Errington Cheese continues product safety battle

Errington Cheese is set for another procedural hearing in the battle to prove its product is safe to eat.

The firm said the case is estimated to take 32 days of court time. The next procedural hearing is on 8 August.

It added product seizures were over several months from February to April instead of in September 2016 after an alert from Food Standards Scotland (FSS).

“It seems crazy that when, at EU level, agreement on the science of E. coli cannot be reached, it is expected that the Sheriff at Lanark should be able to make judgements on E. coli pathogenicity at our expense,” said Errington Cheese.

“Our belief that it is nutritious and safe is supported by the distinguished expert microbiologists and epidemiologists on whose advice we have consistently relied since last September.”

An E. coli O157 outbreak in Scotland last year was linked to Dunsyre Blue – a cheese made by the company.

The outbreak sickened 26 and hospitalised 17 people with two cases developing hemolytic-uremic syndrome (HUS) and the death of a three year old child.

It was established 15 people ate Dunsyre Blue and 19 of 22 confirmed cases consumed blue cheese before illness onset.

The court action concerns all cheese made in 2016 and a small amount of Corra Linn produced in 2015 with a value of £350,000 in September last year.

The firm has been making and selling its ewes’ milk cheese (Lanark Blue) since February and called for the legality for anything which does not undergo heat treatment to be clarified.

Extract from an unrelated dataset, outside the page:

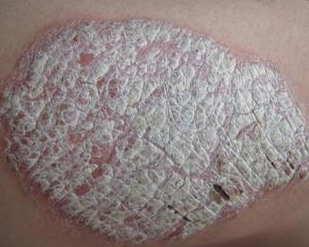 经常容易复发的牛皮鲜饮食上应该如何进行预防 经常容易复发的牛皮鲜饮食上应该如何进行预防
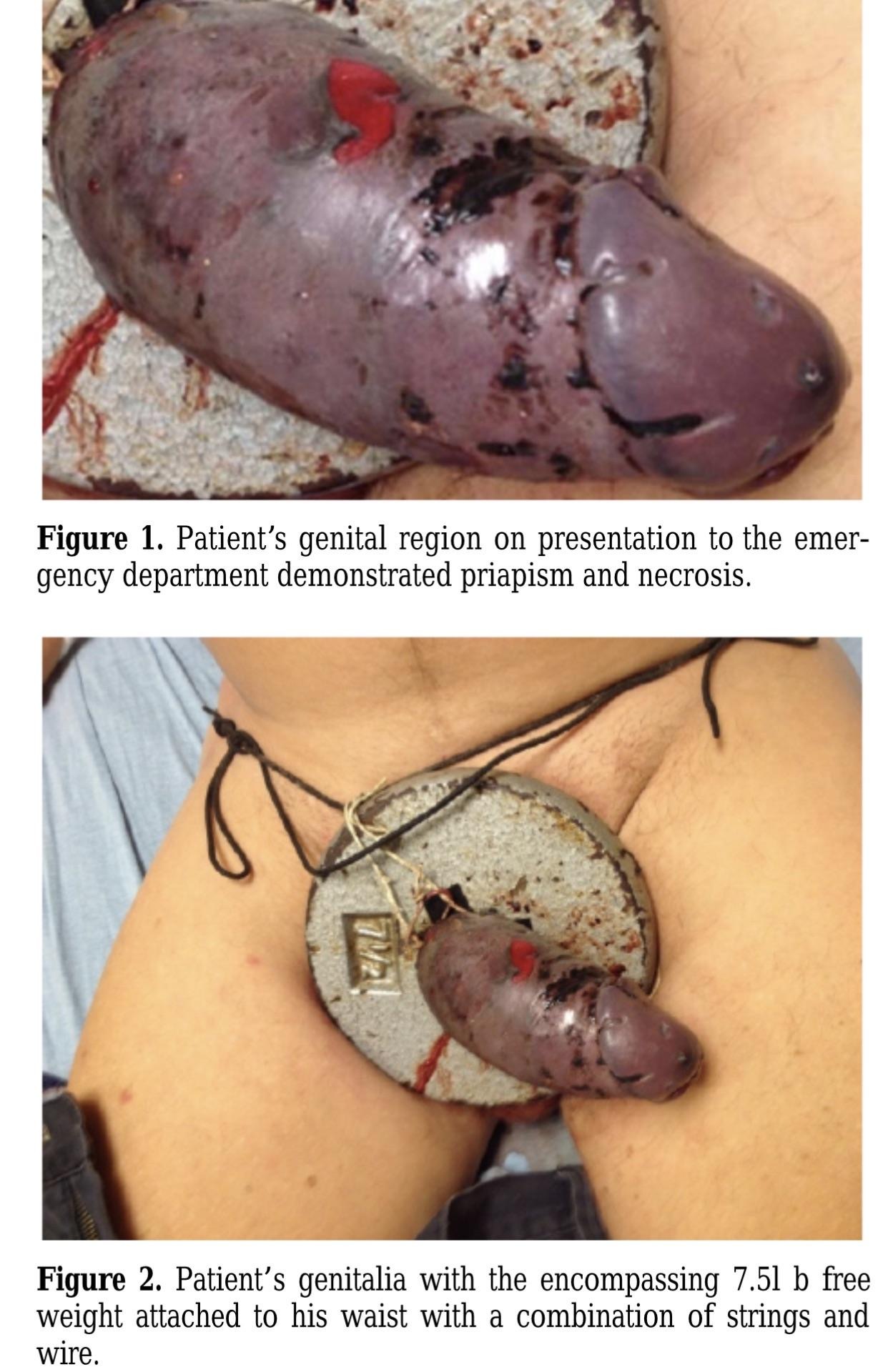 Penile Gangrene…..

However, Errington Cheese said the testing it is required to do would not produce a fail based on how last year’s cheese was condemned because Whole Genome Sequencing and STEC testing is not available in any commercial food testing laboratory in the UK.

The firm added it is sending cheese and milk to France for STEC testing but not every batch as under the French system none of the 2015/16 cheese which they tested would have failed and it would have been released into the market in France and the UK.